There was a hint of retro in the air this week as Wall Street star Michael Douglas revisited the 1987 movie about corporate crime in order to help the Federal Bureau of Investigation combat insider trading. The bureau unveiled Douglas’s new public service announcement—featuring a clip of the Gordon Gekko character intoning his iconic “Greed is good” speech—alongside more up-to-the-minute information that agents are building insider-trading cases against 120 people, part of the FBI’s ongoing operation, Perfect Hedge.

But in-house counsel might want to think back even further than the 80s, says Judge Richard Holwell, who presided over the insider-trading trial of Galleon Group co-founder Raj Rajaratnam last fall. He recalls how the price-fixing scandals of the 1970s set a new precedent in the battle to staunch white-collar crime. In an interview with CorpCounsel.com, Judge Holwell—now a founding partner with Holwell Shuster & Goldberg—discusses his advice for in-house counsel, what makes insider trading such a simple crime, and how wiretapping has revolutionized the government’s game.  

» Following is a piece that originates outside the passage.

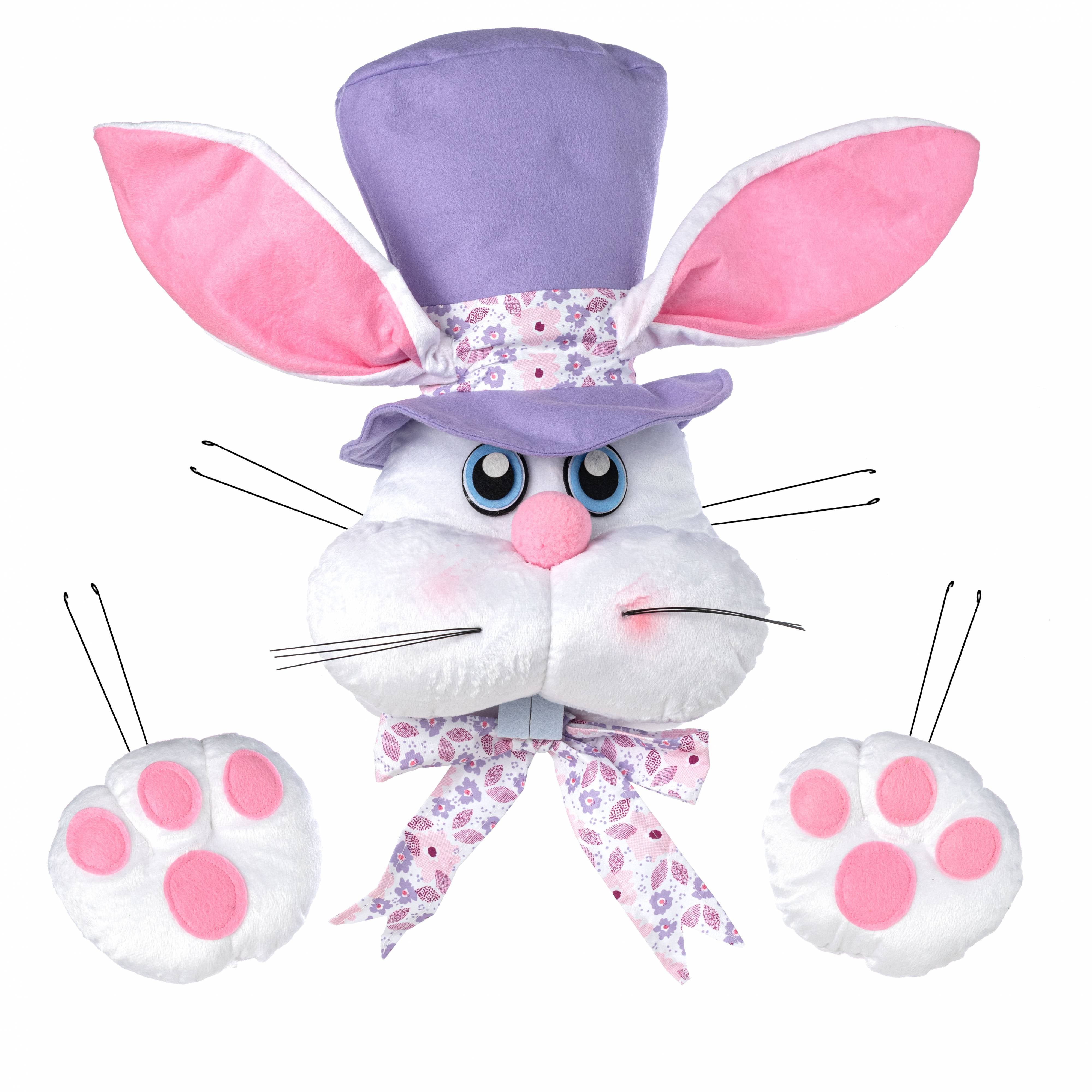 Plush Bunny with Hat & Paws Wreath Decor Kit: Lavender & Pink (3 Pieces)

An edited version of that conversation follows.

CorpCounsel: How did you read Monday’s announcement from the FBI?

Richard Holwell: One of the goals of these prosecutions is to alter corporate behavior, so publicity is one of the ways to do that. If you went back in time to the 1970s and 1980s, you’d find a lot of highly visible criminal prosecutions in price fixing, for example, and generally that was a very successful effort to modify the behavior of businesses. You see very few criminal price-fixing cases these days, and that’s probably not because they’re being undetected. It’s likely the result of the fact that in-house counsel have finally been successful in making it part of the corporate culture that it’s not a good idea to engage in price fixing.

I think what’s going on here is a similar exercise of attempting to modify the behavior on Wall Street with respect to insider trading, and they’re able to do it on a bigger scale than they were in the days of Ivan Boesky, because they have decided to employ wiretaps in the process. That’s resulted in insider trading becoming a low-hanging fruit in terms of white-collar crime.

CC: Why is it a low-hanging fruit?

RH: Insider trading is by its nature a wire-fraud case, essentially—using the telephone to violate federal law. And it is pretty easy to get authorization from judges to put up taps on phones. Now, I’m not sure why it’s taken so long for the prosecutors and the FBI to employ this tool, but it’s an evolutionary situation. And once they started using it, I guess they were probably surprised at what a rich vein they had struck. You connect so many dots when you put up a wire on an active trader. It just leads from one insider trade to another. The numbers that they’re talking about don’t surprise me at all. [Insider trading is] unlike many corporate frauds in that, by its nature, it’s a network. I think it has been—at least from my view—relatively easy for the government, once it started using wiretaps, to develop these cases.

CC: So most other corporate frauds don’t have this network element?

RH: Yes, and they’re more complex. This is a rather simple crime. There is some legitimate concern by in-house counsel [about] the boundaries of what is inside information, and what are the boundaries of the insider-trading laws—that’s all true, and it does provide some counseling issues and difficulties. But what the government is bringing their indictments on is just plain-vanilla trading on inside information.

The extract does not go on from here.